Thursday, August 30, 2007

but there's this...

76. I need validation too much.
77. Most of the time, too much of something is really too much.
78. I like to think that I have let go, but it may be of the wrong things.
79. Growing-up, no matter how old you are, is wrought with pitfalls and false floors and all manner of obtuse things. Grow-up anyway.
80. Being the person that I should be is not as close to the person that I am as I would like it to be.
81. I don't like being misunderstood.
82. Going back to not asking is probably a safer road to take at this point.
83. Outside still hurts. I wish it didn't, but it does.
84. What is to become of us?
85. While change isn't always good, sometimes, it really is.

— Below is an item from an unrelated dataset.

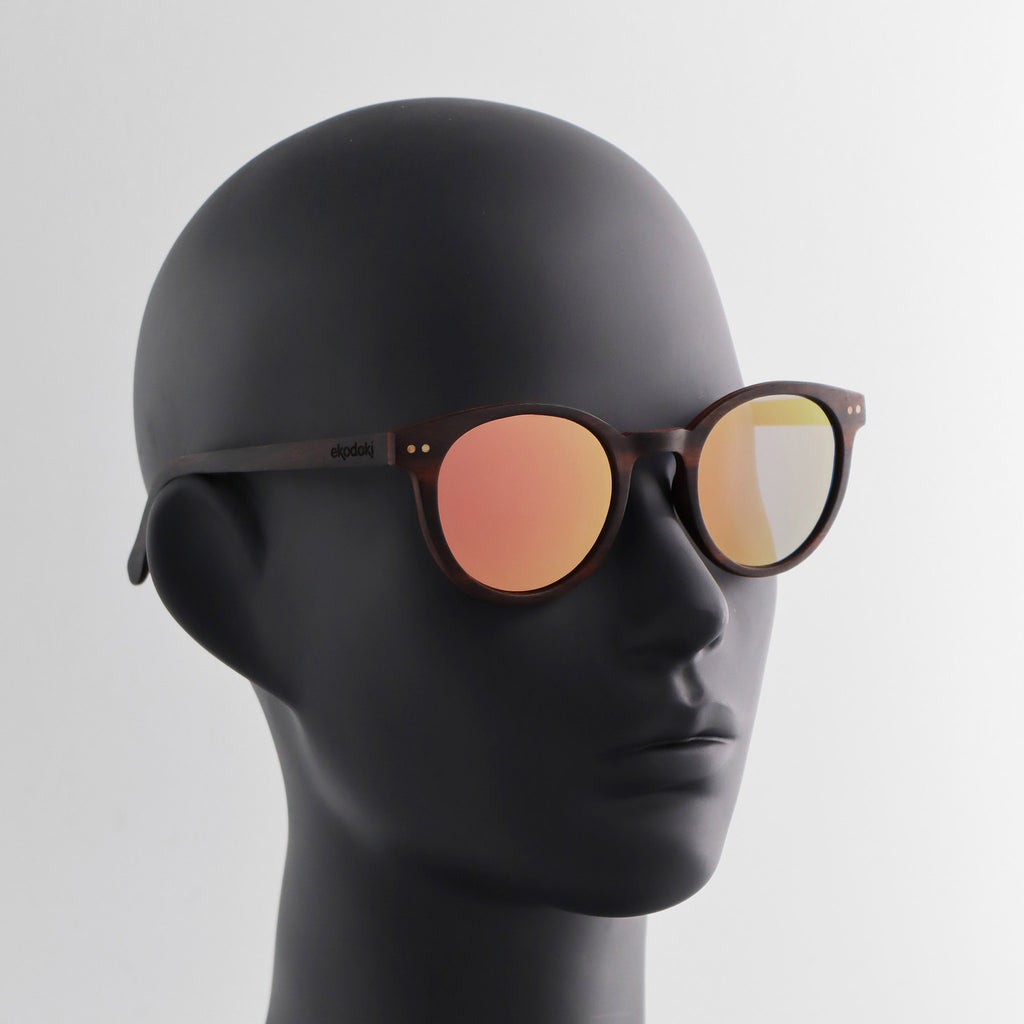 wooden sunglasses round pantos style ebony wood rose gold mirror lenses on black female mannequin head eKodoKi SUNDAY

86. I don't remember the Alamo, and I don't care.
87. Weekends are starting to be kinda crappy.
88. I don't have to just go along if I don't want to just go along.
89. I thought for a second that life was getting easier. I was mistaken.
90. Mail is becoming less and less interesting.
91. I'd like to take a break from myself for a while; I can be pretty intense.
92. What appears on the surface to be easy or simple or comfortable may be none of those things.
93. If you don't want to know, don't ask. There's a good reason for me keeping a lot to myself.
94. It's not crazy or ironic or incongruous to feel lonely when you're not alone.
95. Sometimes being tired is simply that. I don't think that a good nap has ever really hurt anyone.
96. I don't think that anyone outside of San Francisco really gives a shit about Barry Bonds.
97. I adore the Giants. I do not give a shit about Barry Bonds.
98. Eventually, I hope that I will turn the corner.
99. Maybe I should start by going back to mass on a regular basis.
100. Some things are just too firmly ingrained; I cannot get beyond some of those.